Not surprisingly, Dr. Lieberman places her observations about very young children and their caregiving parents squarely in the framework of attachment, in which parent and child negotiate a balance:

……. between the safety of closeness and the excitement of exploration and discovery.


In this sense, childhood is an early laboratory for the challenges and dilemmas of adult life.  Perhaps more dramatically than any other age, this period

brings us face to face with two powerful yet contradictory impulses:

the longing to feel safe in the protective sphere of intimate relationships

and the exhilarating thrust of carefree, unrestricted, uninhibited exploration,

where one can soar free without looking back at those who are left behind.


However, as Dr. Lieberman describes in detail, the negotiation in toddlerhood is not without challenge. Throughout, Dr. Lieberman is sensitive to the toddler’s needs, as well as to the parent’s experience, in achieving that balance. She illustrates her thoughts about obstacles to partnership with many vignettes, bringing to life reflections about temperament and the question of “the fit” (whether the toddler is described as a high-activity or slow-to-warm up child) and its meaning or impact on the developing relationship.

Dr. Lieberman tackles with great sensitivity issues to understand: separation anxiety, nighttime difficulties, eating difficulties, sibling rivalry. She is careful to offer practical suggestions to encourage parental awareness and response that is likely to reduce the difficulty and lead to greater emotional security. She attends to marital discord and the disruption of divorce, careful to give voice to the toddler’s experience while supporting a parent’s capacity to provide a stable base in the midst of difficulties. Her chapter about toddlers in childcare offers support to the whole family in making the transition to care, “saying good-bye”, “saying hello,” and identifying the social realities of care for everyone.

I ended the book with a much greater respect for the power of the early attachment relationship and the toddler’s astonishing capacity to master staying close, while letting go.
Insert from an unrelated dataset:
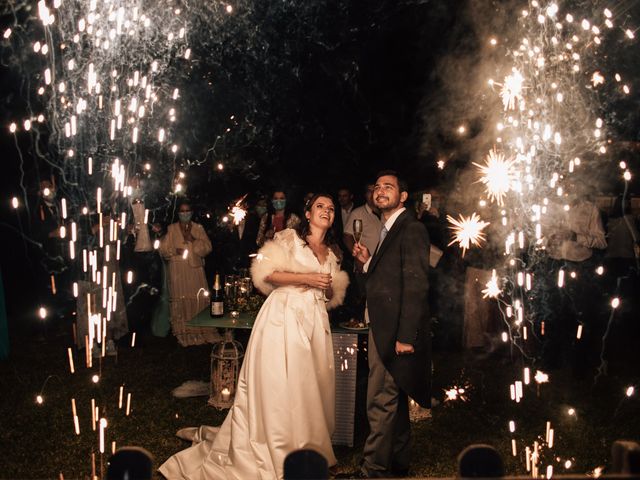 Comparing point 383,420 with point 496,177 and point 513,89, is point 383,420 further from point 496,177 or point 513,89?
point 513,89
Dr. Lieberman concludes with wise words:

Toddlers, like adolescents, need to forge an identify that integrates a solid

                      sense of personal initiative with a reliable feeling of communal belonging.

                      Parents are faced in both periods with the task of deciding when to respect

                      aloneness, when to offer companionship, and when to exercise firm authority.

                      When parents’ choice is responsive to the child’s needs, the negativism of

                      toddlers becomes the self-assured assertiveness of the preschool years, just

                      as the emotional storms of adolescence resolve themselves in the self-worth of young adulthood.  P. 306


This should be required reading for each one of us who has a toddler to marvel about in our own families or in those with whom we work.